Produce as output only the lines below starting at the line with "Установка межкомнатных, входных" and continuing through the line with "Hebe L'ORÉAL PARIS", each one exactly as written.

== DATA SHOWN ==

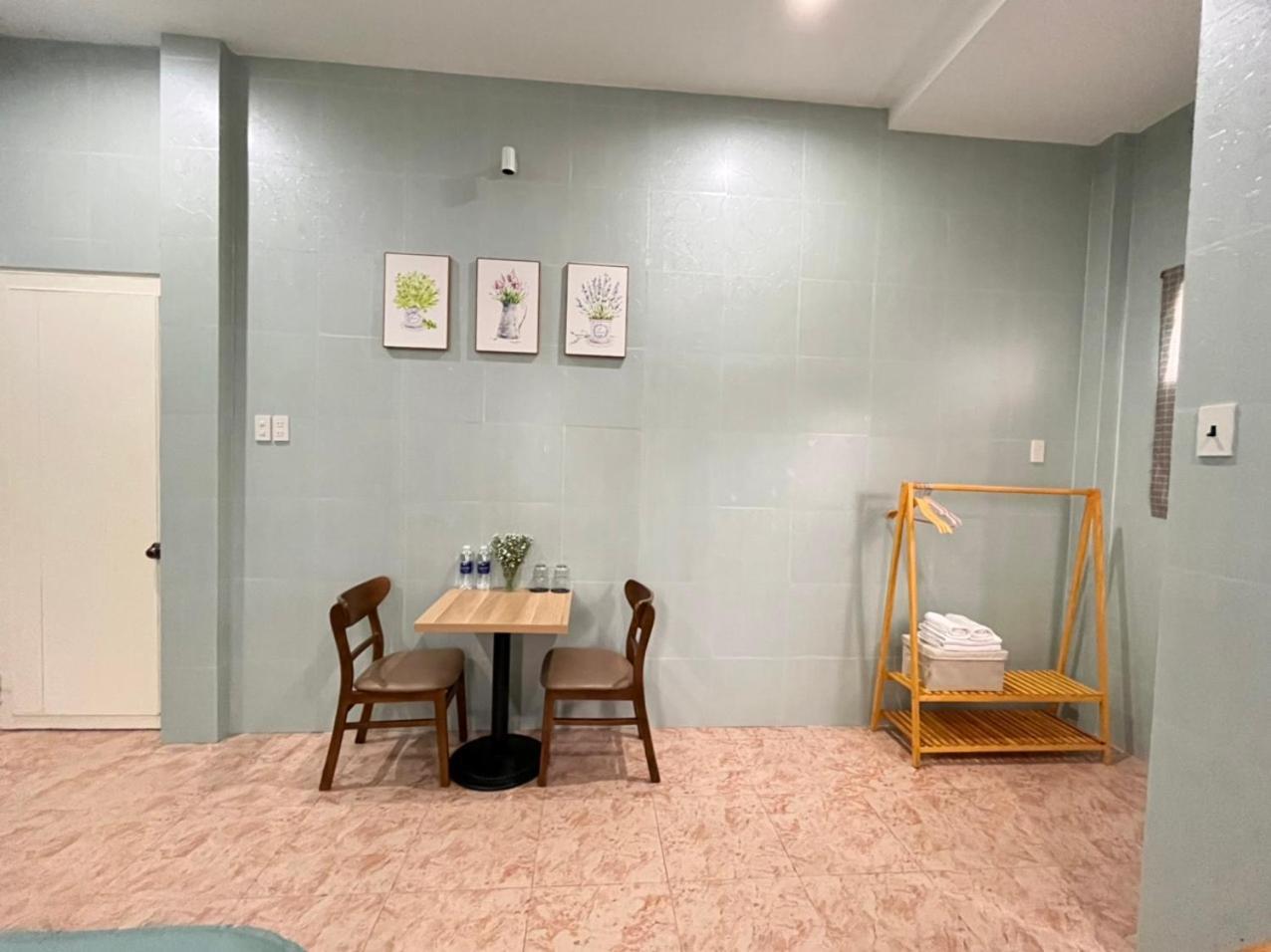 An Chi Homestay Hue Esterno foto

===
== DATA SHOWN ==

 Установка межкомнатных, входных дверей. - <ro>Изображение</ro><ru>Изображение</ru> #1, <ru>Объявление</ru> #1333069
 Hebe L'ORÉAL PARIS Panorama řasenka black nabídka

===
== DATA SHOWN ==

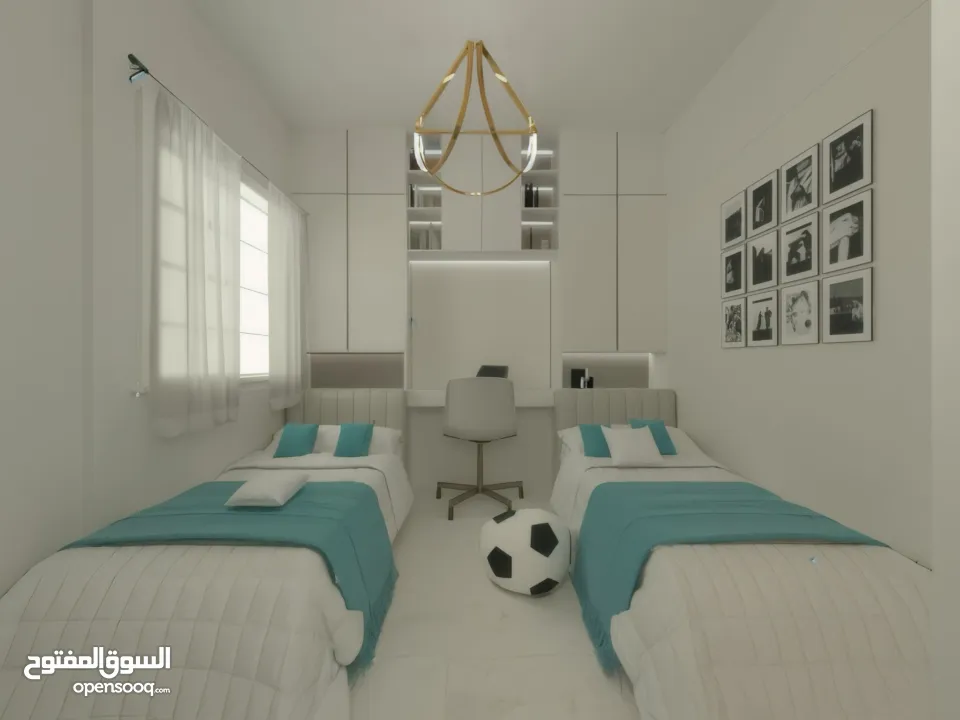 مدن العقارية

===

SOLUTION TO THIS EXERCISE |
 Установка межкомнатных, входных дверей. - <ro>Изображение</ro><ru>Изображение</ru> #1, <ru>Объявление</ru> #1333069
 Hebe L'ORÉAL PARIS Panorama řasenka black nabídka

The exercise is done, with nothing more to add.